Supersuckers – Spaghetti western
That is not necessarily the case for country music. Eddie also had to demonstrate — to himself, and to Jamail — that he could sing country music. “I flew him down to Texas, by himself that first time,” Jamail says, “and we went into the studio. I kind of let him hear where my head was at in terms of where the songs might go. At the same time, we started listening to Eddie’s voice, and found that Eddie actually had a natural sort of vibrato in the low end of his voice that he had never really tapped into when he’s singing Supersuckers songs, mainly because he’s competing with two guitar players that are playing through Marshalls, and he’s screaming.”
And these are really not punk rock songs slowed down, with a little steel guitar added. Take Heathman’s “Non-Addictive Marijuana”, which sounds just a bit like “Okie From Muskogee”. “I wrote that song after being kicked out of the Supersuckers, and at a halfway house,” he says. (Heathman had been replaced by Rick Sims, late of the Didjits, on The Sacrilicious Sounds of the Supersuckers. “I was just sitting around, and I bought a guitar off some crack-head for $15, because I finally had $15 back to my name, and I wanted a guitar, so I sat down and that was the first thing that came to my head.”
“He came back to the band and had this great little tiny quiet country song,” Eddie grins. “God that’s great.” Indeed, many of these songs have been laying about for a bit. The Danny Bland-penned duet “Hungover Together” originally appeared on The Best Kissers in the World’s Sub Pop EP of 1991, with Gerald Collier and Carrie Akre (Hammerbox, Goodness) singing. Kelley Deal proves to have a fine country voice on this new version. “Juicy Pureballs” started out as a punk song (with a different name), but it didn’t work in that context. Eddie wrote “Blow You Away” a decade back, when he still lived in Tucson, and brought it to Seattle when the band first arrived as the Black Supersuckers.
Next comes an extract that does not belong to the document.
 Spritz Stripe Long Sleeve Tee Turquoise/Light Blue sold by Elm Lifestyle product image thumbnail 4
“For some reason,” Jamail says, still slightly surprised by this discovery, “a lot of these punk rock — or whatever you want to call them — bands, when they were out there, they apparently were pickin’ up truckstop country cassettes that are racked in cafes along the road. They’re very fluent in terms of the vernacular of country music. Eddie several times would want to do a song like George Jones, want to do a song like Jerry Jeff. And not only said it, but had a song that fit in doing it in that way.”
And so, yes, they’re accustomed to charges of bandwagon-jumping. “I’m never far enough ahead,” Eddie laughs. “I moved to Seattle, and then everybody moved to Seattle. And then we started doing heroin, and then everybody started doing heroin. Then we clean up our act, now everybody’s clean and sober. And then, you know, the country thing. What is it called? Incipient country or something?” By the time he’s done, the whole room is engulfed in laughter.
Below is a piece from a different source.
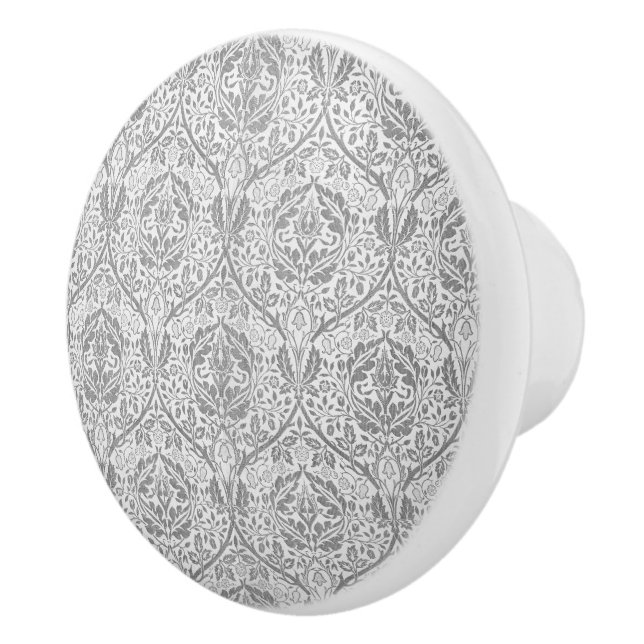 Elegant Grey Floral Pattern Ceramic Knob (Right)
At the same time, none of the Supersuckers really expect to be playing punk rock forever. “You can’t really be a valid rock ‘n’ roller when you’re 50,” Eddie says. “It’s about live fast, die young. It’s not about having a great life and entertaining people for your whole life. But in country, that’s okay. And that’s a big goal of ours, to be a band that is around for a long time. It’s just that we need to create things that we feel comfortable with for a long time, and that’s what led to this record.”
Besides, Must’ve Been High is really the Supersuckers’ second full-length country outing. Three or four years back, recording as the Junkyard Dogs (in which guise this project was originally conceived), they put out a country album on Sympathy For The Recording Industry. “It’s mostly covers,” Eddie says, “but there’s a couple originals on it. It’s just this band that we always take to the street fair and busk with, basically. It’s grown from, when we lived in Tucson, having to beg friends to come out to the fair with us and play and make fools out of themselves, to now we have to keep it secret until the last minute so that the whole neighborhood doesn’t find out.”
It is also, though they won’t come out and say so, probably the Supersuckers’ last recording for Sub Pop. A lot of money went into the packaging and promotion of Sacrilicious, including an expensive video for “Born With a Tail” that included a cameo from The Exorcist’s Linda Blair. The album didn’t shoot up the charts, and nobody’s real happy about that.
It is suggested that Must’ve Been High is their version of Neil Young’s Trans. Eddie cocks his head. “Our Trans? Well, there’s some grains of truth in the fact that we saw this opportunity to record a different kind of album for Sub Pop. We were always talking about making this kind of record, and we’re also talking about our future, and trying not to handicap ourselves anymore with being indie and cool. We saw this as pretty much our last opportunity to do something off the wall.”
Video plans? Heathman perks up. “We’ll just take the budget for the video, and then I’ll get a camera and I’ll film everyone buying a bunch of stuff.”
“That’s a treatment I can like!” Eddie laughs, and the whole band laughs and you can almost see them making shopping lists in the pause after.